DIRECTIONS = Your task is to repeat the entries word for word while leaving out the pictures.

TASK INPUTS =
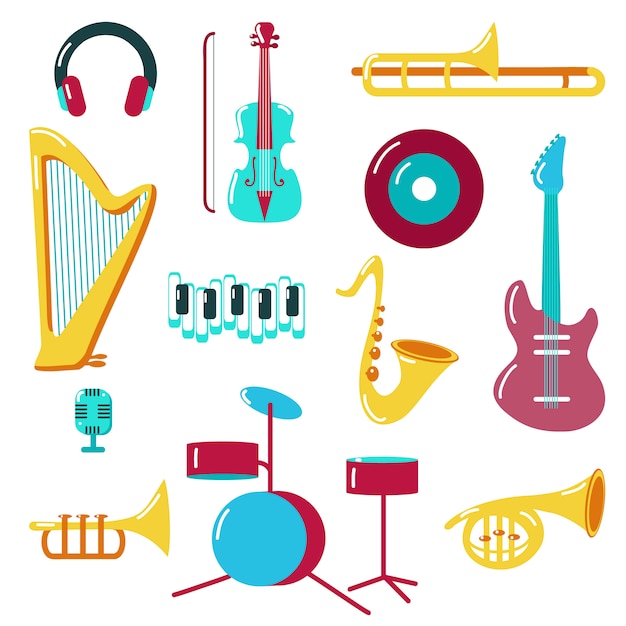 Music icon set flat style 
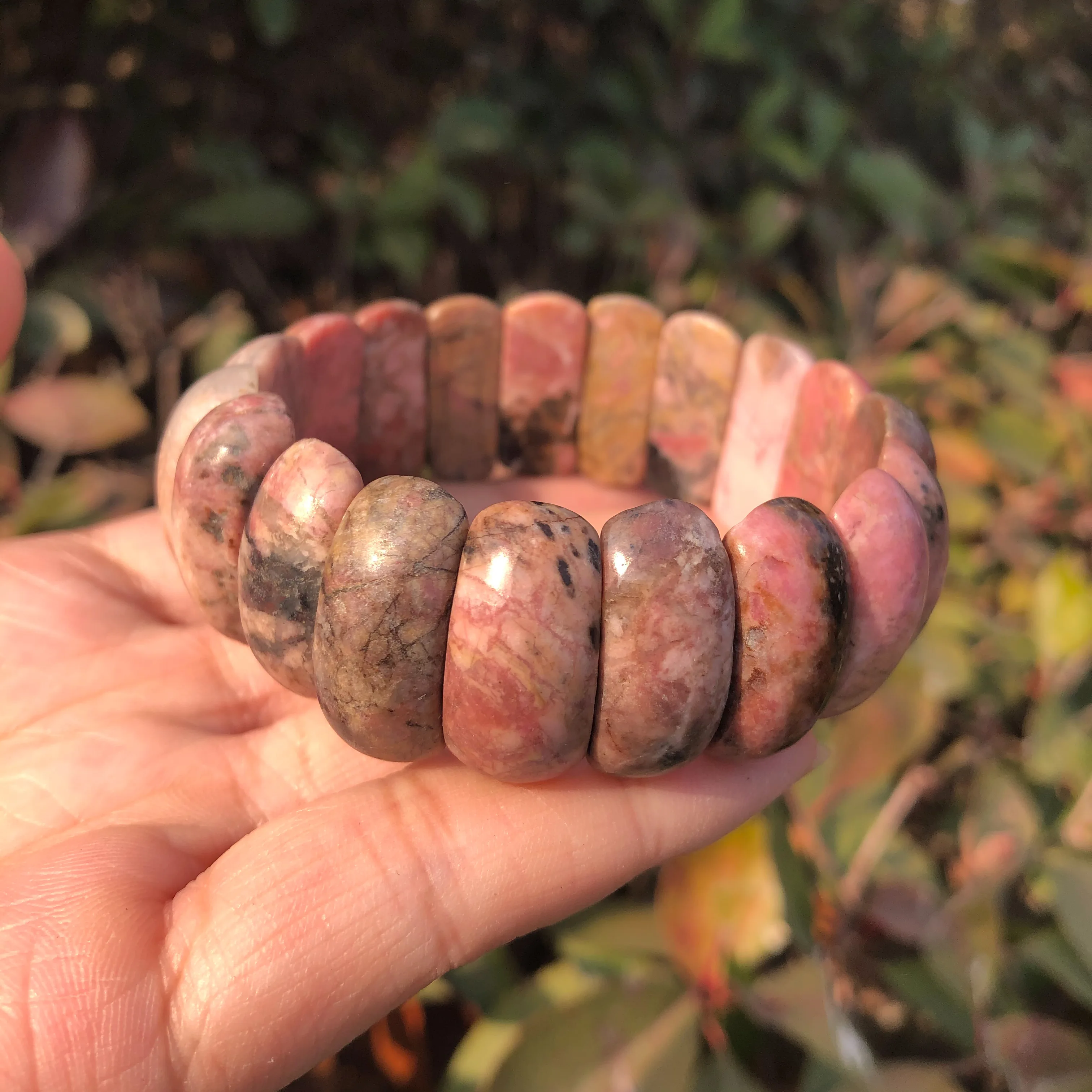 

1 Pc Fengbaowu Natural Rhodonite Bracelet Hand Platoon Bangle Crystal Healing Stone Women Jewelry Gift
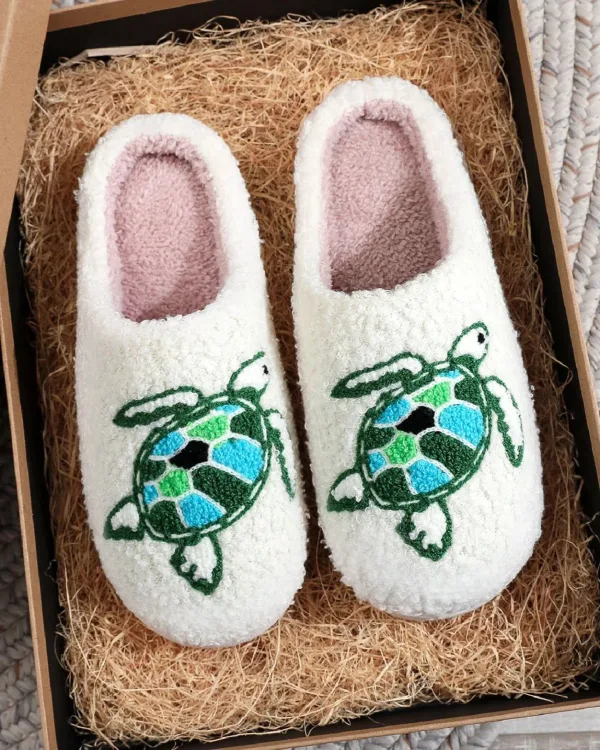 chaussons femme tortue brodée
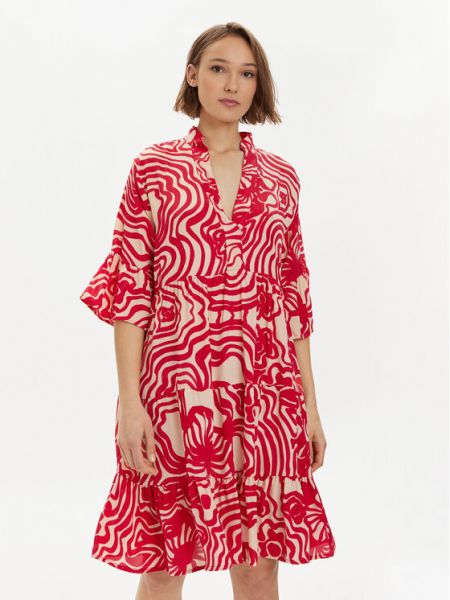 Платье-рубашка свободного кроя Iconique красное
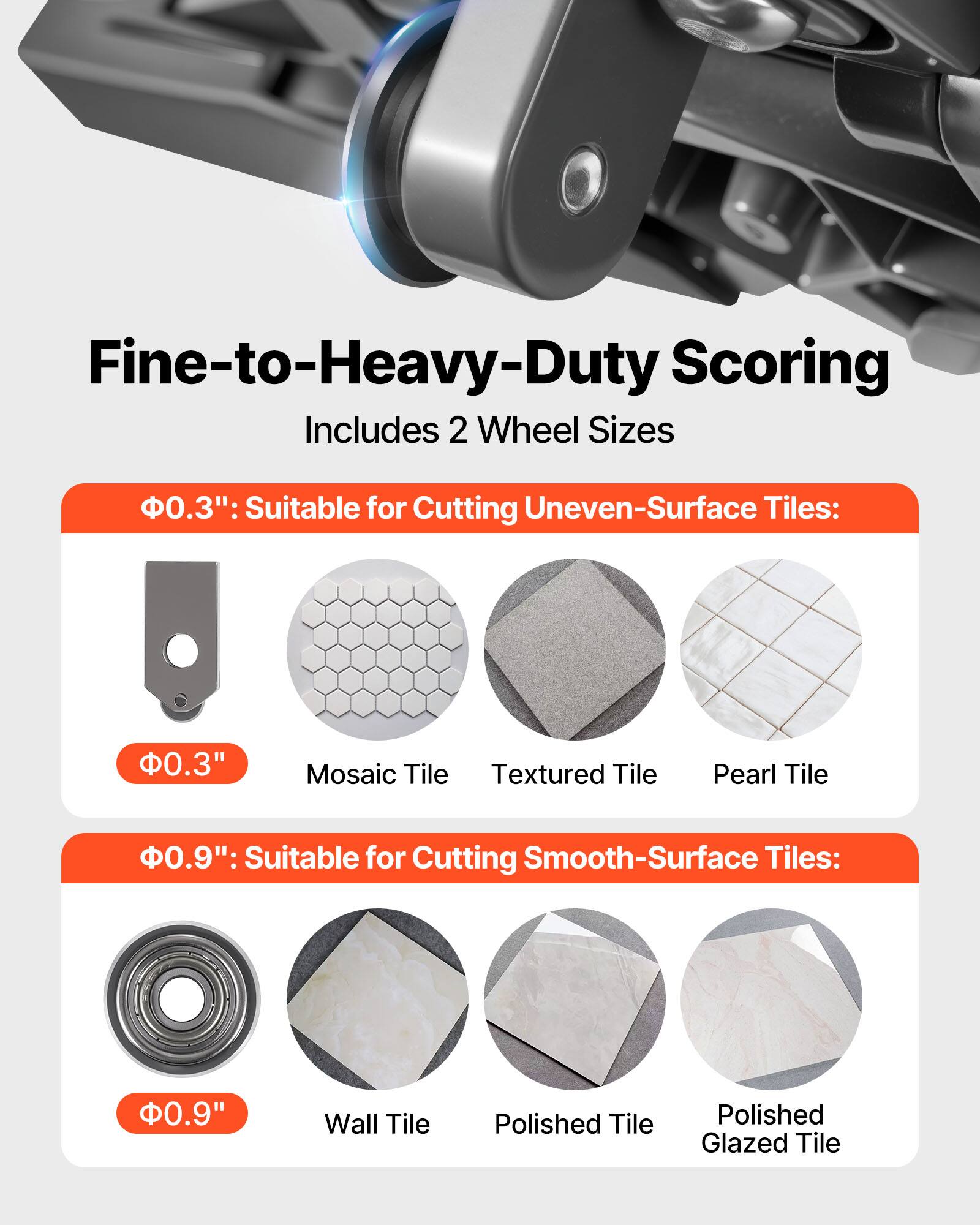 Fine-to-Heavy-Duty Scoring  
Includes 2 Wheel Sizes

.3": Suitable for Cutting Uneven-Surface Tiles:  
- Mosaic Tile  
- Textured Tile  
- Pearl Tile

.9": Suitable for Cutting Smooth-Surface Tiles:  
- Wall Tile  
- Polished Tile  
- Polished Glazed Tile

YOUR RESPONSE =
 Music icon set flat style 

1 Pc Fengbaowu Natural Rhodonite Bracelet Hand Platoon Bangle Crystal Healing Stone Women Jewelry Gift
 chaussons femme tortue brodée
 Платье-рубашка свободного кроя Iconique красное
 Fine-to-Heavy-Duty Scoring  
Includes 2 Wheel Sizes

.3": Suitable for Cutting Uneven-Surface Tiles:  
- Mosaic Tile  
- Textured Tile  
- Pearl Tile

.9": Suitable for Cutting Smooth-Surface Tiles:  
- Wall Tile  
- Polished Tile  
- Polished Glazed Tile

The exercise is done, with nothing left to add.